In rare instances, foreign body reactions to DuraGen have been reported, although most did not result in abscess formation. For example, Tamura et al.7) reported meningioma cell invasion into DuraGen-derived dura mater accompanied by inflammation but without abscess formation. To the best of our knowledge, only a few reports describe abscess-like or sterile inflammatory presentations because of artificial dural substitutes.6,9) Sapkota and Karn documented an extradural abscess after synthetic fabric duraplasty, indicating that collagen-based and non-collagenous materials can occasionally provoke sterile inflammatory responses.10) In most of these cases, the pathological findings included chronic inflammation, fibrous granulation, and eosinophilic or lymphocytic infiltrates, which were consistent with our own findings.

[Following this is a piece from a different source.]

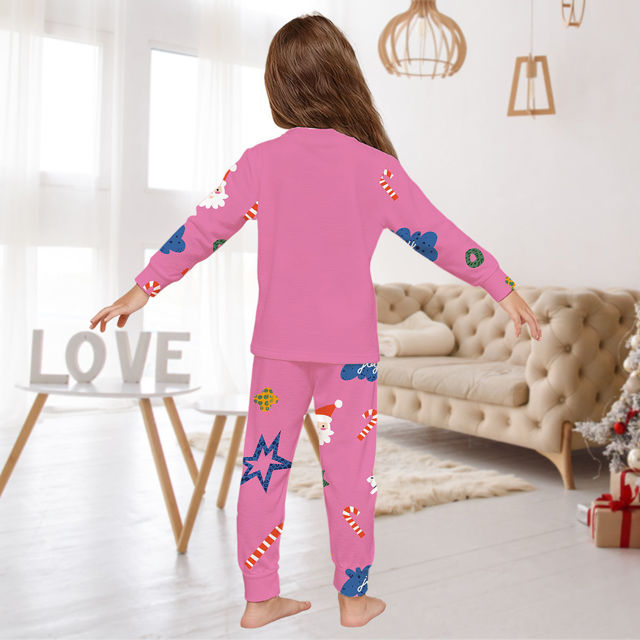 Picture of Family Christmas Pajama Sets - Happy Snowmen Long Sleeves Pajamas - Best Family Gift Christmas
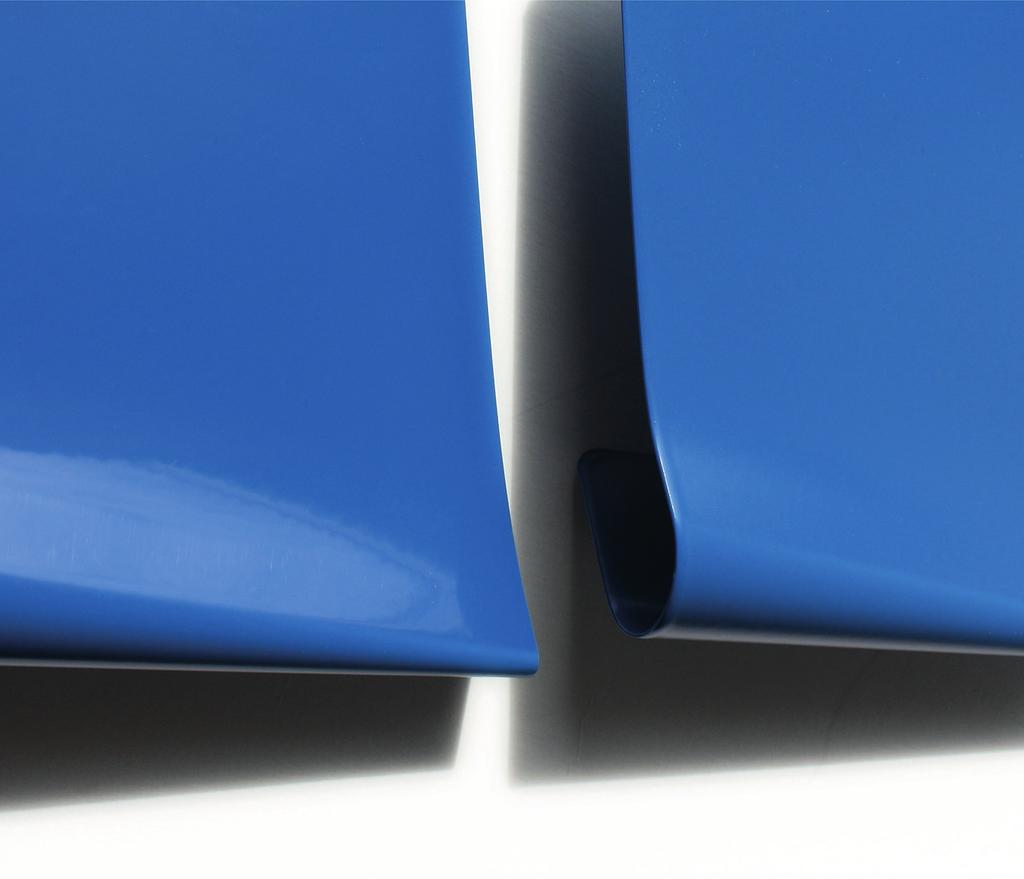 INFRALIT Pulverfärger Produktfakta 2015/16 Specialegenskaper (blank, halvblank, matt) Erichsen cupping test ISO 1520 7 mm Bend test, Conical mandrel ISO 6860 1 mm Bend test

When faced with similar clinical scenarios, surgeons should consider rapid intraoperative assessment techniques, such as Gram staining and frozen section pathological examination, to differentiate between infection and foreign body reaction. This distinction has important implications for postoperative management, particularly, regarding the duration of antibiotic therapy. Moreover, strategies to minimize the risk of foreign body reaction should be considered when using collagen-based dural substitutes, such as DuraGen. These may include thorough intraoperative irrigation to reduce residual blood or proteinaceous debris that may potentiate inflammation and careful placement to avoid direct cortical contact when not necessary. Although routine prophylactic removal is not currently recommended, in cases where unexplained postoperative symptoms arise, early suspicion and prompt intervention are warranted. Awareness and preparedness for such rare complications can significantly improve patient outcomes and inform future material selection in dural reconstruction.
Written informed consent was obtained from the patient for publication of this case report and accompanying images.

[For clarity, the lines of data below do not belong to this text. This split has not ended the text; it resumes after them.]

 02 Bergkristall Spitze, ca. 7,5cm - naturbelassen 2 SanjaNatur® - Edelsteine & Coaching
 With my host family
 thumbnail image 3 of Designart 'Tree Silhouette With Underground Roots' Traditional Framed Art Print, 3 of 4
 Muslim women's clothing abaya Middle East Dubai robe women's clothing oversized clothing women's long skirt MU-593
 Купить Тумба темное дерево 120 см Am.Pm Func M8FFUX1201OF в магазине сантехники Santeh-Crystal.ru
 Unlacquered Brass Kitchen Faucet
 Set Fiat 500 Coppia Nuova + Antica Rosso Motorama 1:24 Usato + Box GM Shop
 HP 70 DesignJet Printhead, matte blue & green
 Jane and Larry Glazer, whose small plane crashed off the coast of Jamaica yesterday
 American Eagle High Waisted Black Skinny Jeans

This case highlights the potential for DuraGen to cause a foreign body reaction manifesting as a sterile inflammatory response with intracranial hypertension. Although rare, neurosurgeons should be aware of this potential complication and include it in the differential diagnosis when patients present with neurological deterioration after dural repair with DuraGen, particularly when infection indicators are equivocal. Careful radiological evaluation, clinical assessment, and, when necessary, surgical exploration are essential for establishing the correct diagnosis. Prompt removal of the artificial dura mater and alternative dural reconstruction provides definitive treatment in severe cases. Our experience suggests that even materials designed to minimize immunogenicity, such as DuraGen, can occasionally trigger significant foreign body reactions in susceptible individuals.
All authors have no conflict of interest. All authors are members of The Japan Neurosurgical Society (JNS) have completed the Self-reported Conflict of Interest Disclosure Statement Forms available at the website for JNS members.